The problem:
Below are the records; return every line from the one that contains "Edress Elastic Bracelet" to the last, exactly, skipping the pictures.

[Items from a dataset]
•••••

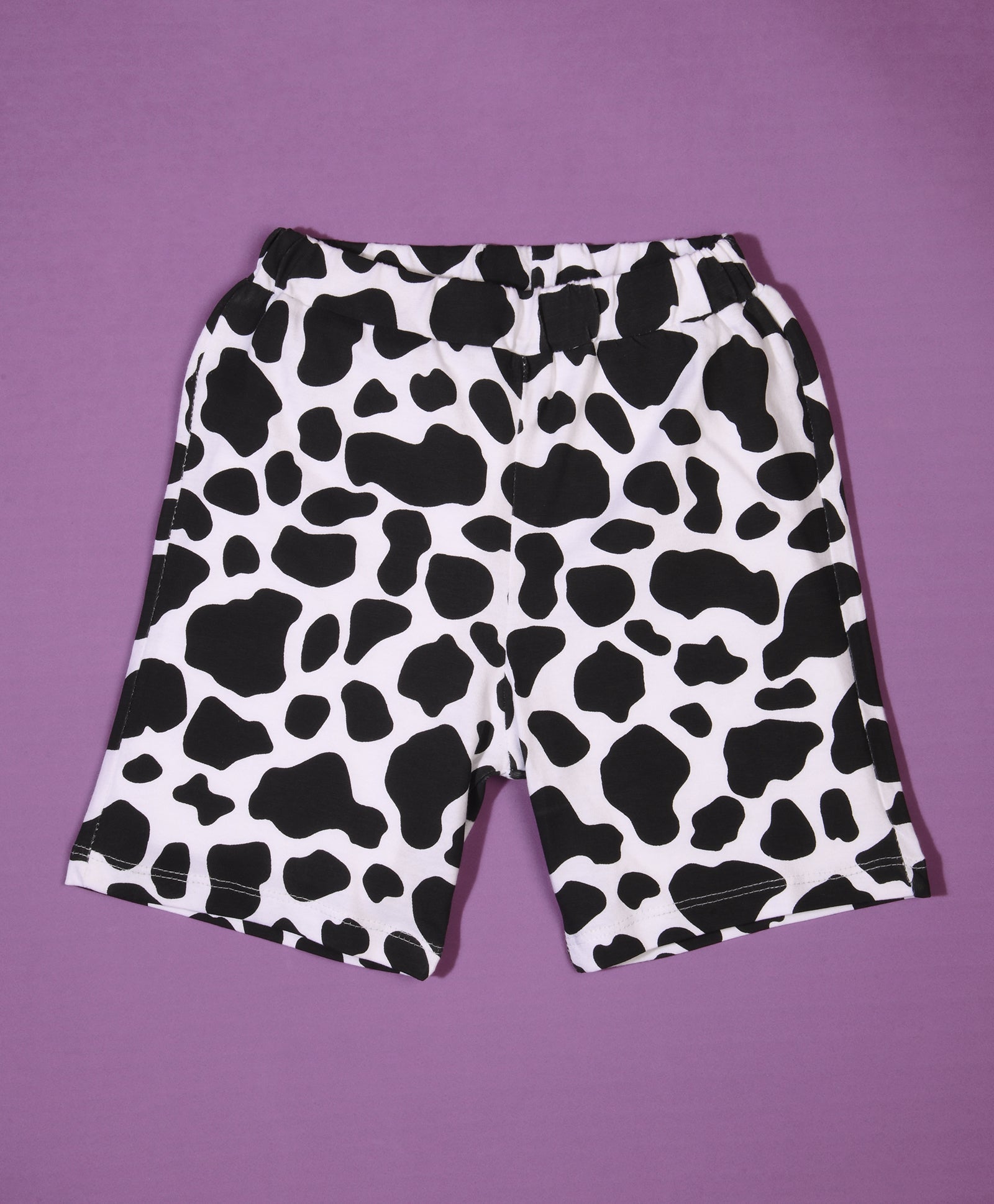 Cow Patch Pattern Half Sleeves T-Shirt & Shorts Set - Be Awara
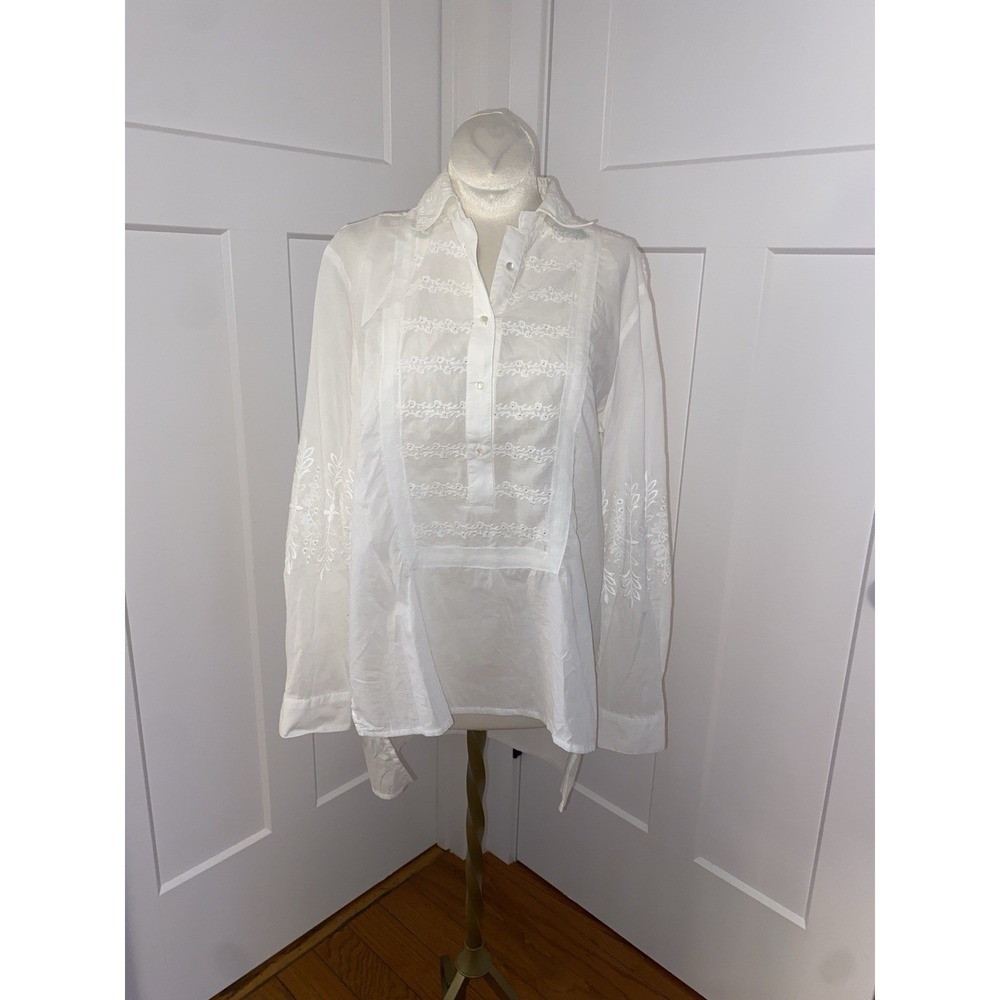 Sundance Floral Embroidered‎ Eyelet Button Up Top White Oversized XS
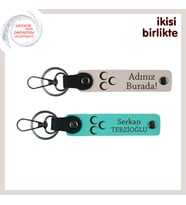 Eşine Özel Üç Hilal Temalı Armağan – Yıldönümüne Anlamlı Kişisel Anahtarlık Seti, Pudra-Turkuaz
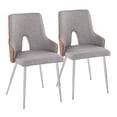 thumbnail image 1 of Stella Contemporary Accent/Dining Chair in Chrome Metal, Walnut Wood and Light Grey Fabric by LumiSource - Set of 2, 1 of 4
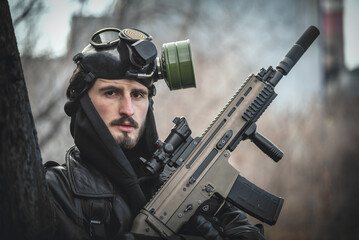 Post apocalypse soldier with a rifle concept.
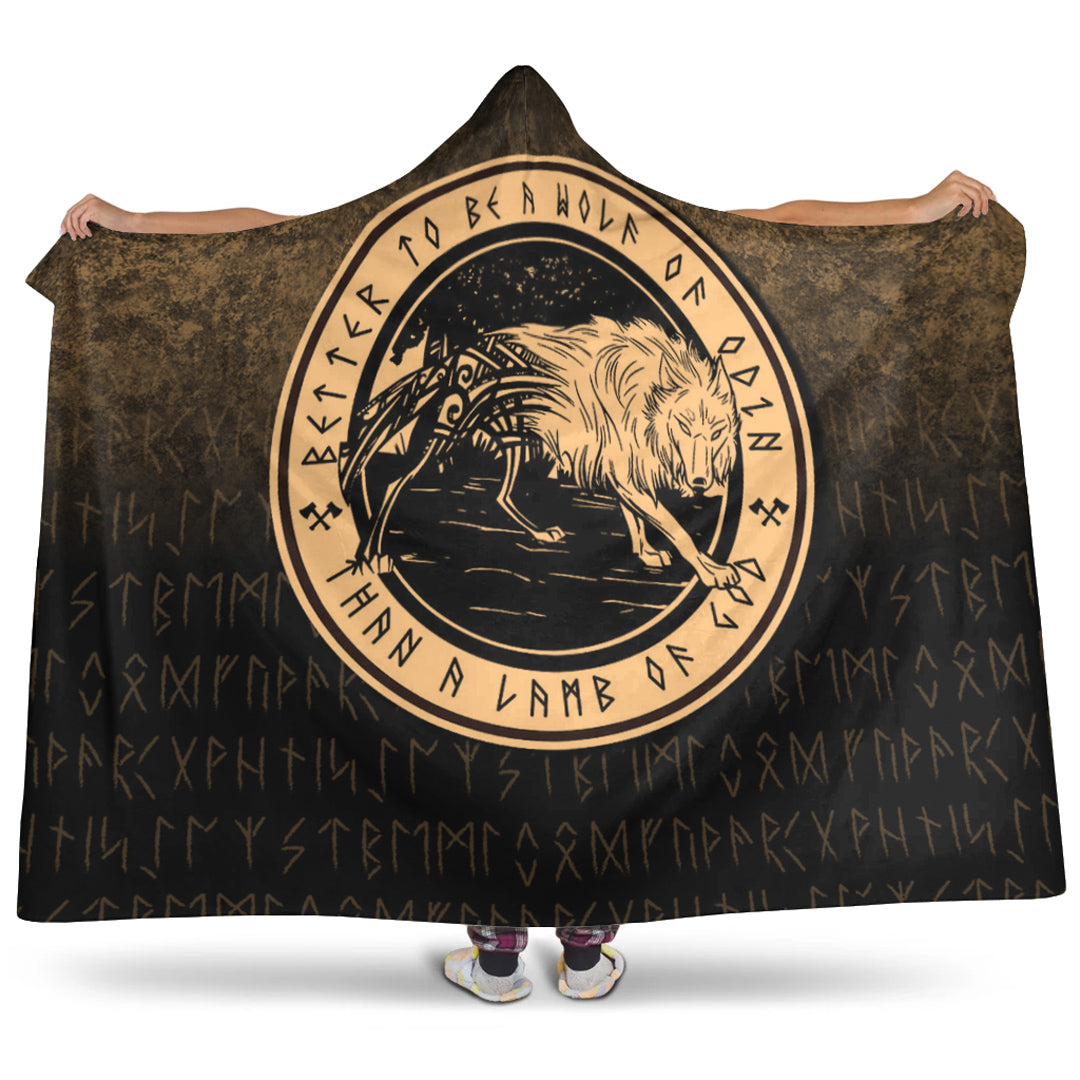 Viking Wolf Of Odin Gold Version Hooded Blanket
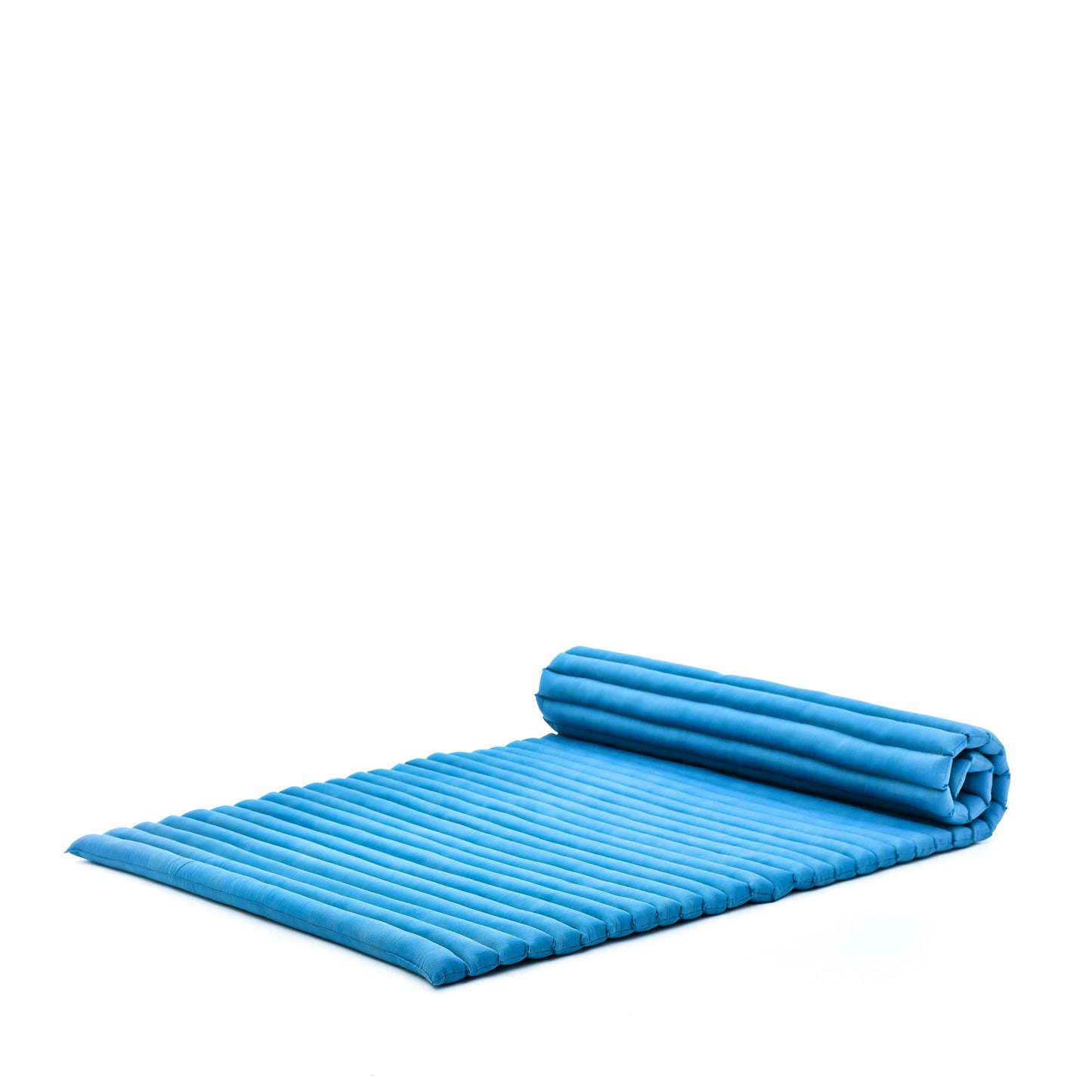Kapok Roll-Up Mattress – Foldable Sleeping & Relax Mat with Cotton Cover for Home & Outdoor Use, Cl22 - Light Blue, L: 75x39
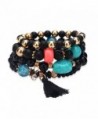 Edress Elastic Bracelet Stretch Elegant Handmade Bead Tassel Girl Fashion Womens Stone Jewelry Stack of 4 - Black - CQ183L8Z6IW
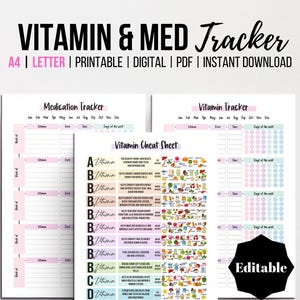 Registro de vitaminas editable, hoja de referencia de vitaminas imprimible, registro de suplementos dietéticos, cuadro de nutrientes, programa de medicación, A4, carta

•••••

Output for this exercise:
 Edress Elastic Bracelet Stretch Elegant Handmade Bead Tassel Girl Fashion Womens Stone Jewelry Stack of 4 - Black - CQ183L8Z6IW
 Registro de vitaminas editable, hoja de referencia de vitaminas imprimible, registro de suplementos dietéticos, cuadro de nutrientes, programa de medicación, A4, carta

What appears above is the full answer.